Carly: And how did you all come together to work on this project as a group?

Law: Kirsty [Logan] and I decided that we wanted to work together after being on a particular line-up for Rally & Broad. Then we figured out what kind of idea we wanted to do. We are two wordy people. I’m much more of a songwriter than I am a musician. I play the keyboard to accompany my singing. So I immediately thought of Esther as someone to bring in as a composer who could bring in a really interesting dynamic and pull off the bits that I couldn’t. Esther was the right choice because she’s not a conventional harpist. She takes it to a different place. So we were able to get that fairytale aesthetic, which is what the harp does, and then Esther could turn that very sound on its head.

Logan: I kind of like to do that as well [in my writing]. I take a very sweet story and turn it upside down so you can see the bugs underneath.

Esther Swift: I like how both of you guys used really beautiful language: at times floral and pretty, but also really dark.

Carly: It’s interesting how well you guys are firing off ideas and building on each other’s statements now even.

Swift: The thing that I really liked about the rehearsal process, that intense four days, was that we talked non-stop. We covered a lot of feminist subjects over dinner, which I think fed into it.

Law: We never left that headspace and that was really important. If one of us had gone away to do a reading or a gig in the evening time and then come back the next morning, it wouldn’t have been the same. We would have had to recalibrate.

Logan: Yes, absolutely everything we did during that week fed into the show.

Carly: Kirsty Logan, as an author, did you find that your writing shifted throughout that process?

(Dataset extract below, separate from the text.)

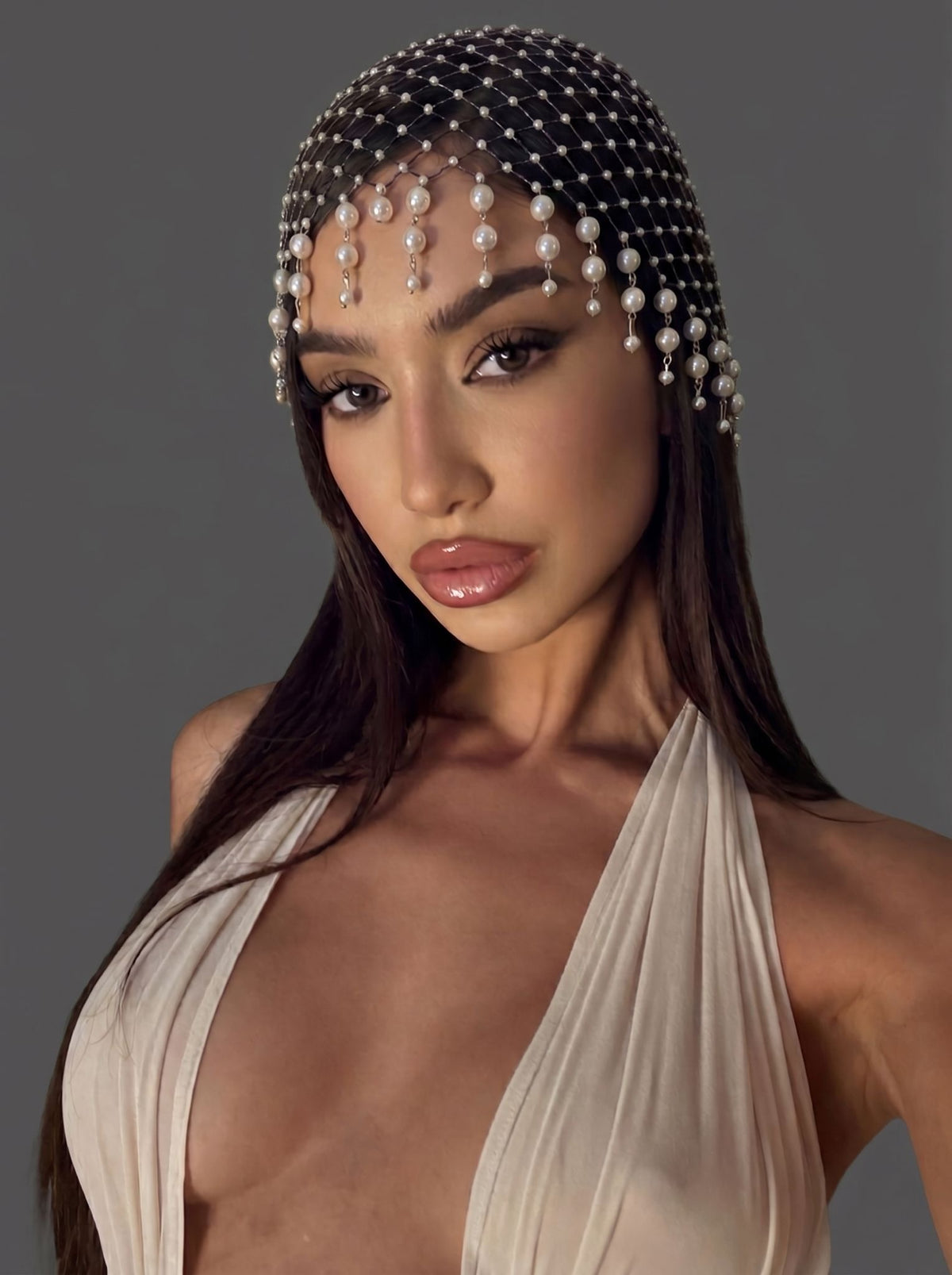 Tiara Afrodite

Logan: Yes, it was completely different from the writing that I usually do because I’m usually trying to construct a full narrative. When you write a book, all you have is the words on the page, but with this there was so much at our disposal because it was a performance piece as well. So not only do we have words, music and those combined, but we could also use silence, gesture and the physical space that we were occupying. So it was really nice to play with all of that.

Carly: One of the things that you mentioned during the Q and A after the show was that you wanted to create a piece that sounded like ‘one voice’. I thought that really came across. I wondered if at any point you considered having different characters? Or did you always want to prioritize that single narrative voice?

Law: We wanted it to be an exploration of ideas. We didn’t really talk much about whether there should be other characters because we were all on the same track when it came to the ideas that we were exploring. We definitely felt that Lady Mary’s character was the woman in the tale that we wanted to explore.

Logan: Thematically we thought it was important that we have three women on stage, telling a story, while everyone is silent and listening. We should play with that. Quite often women are silenced. Nobody wants to hear their stories. Everybody talks over them. But everyone is silent and listening to us. We should come together in unison to tell this story.

Swift: We also wanted to imply the power of speaking versus physical strength or other types of strength. We wanted to come across as unified for that.

Logan: Which is why the voice reaches a crescendo at the end with all of our voices together to destroy Lord Fox.

Carly: In the Q and A, you also mentioned you were drawn to the heroine in Lord Fox because she’s not a traditional fairytale princess. For example, she has many lovers.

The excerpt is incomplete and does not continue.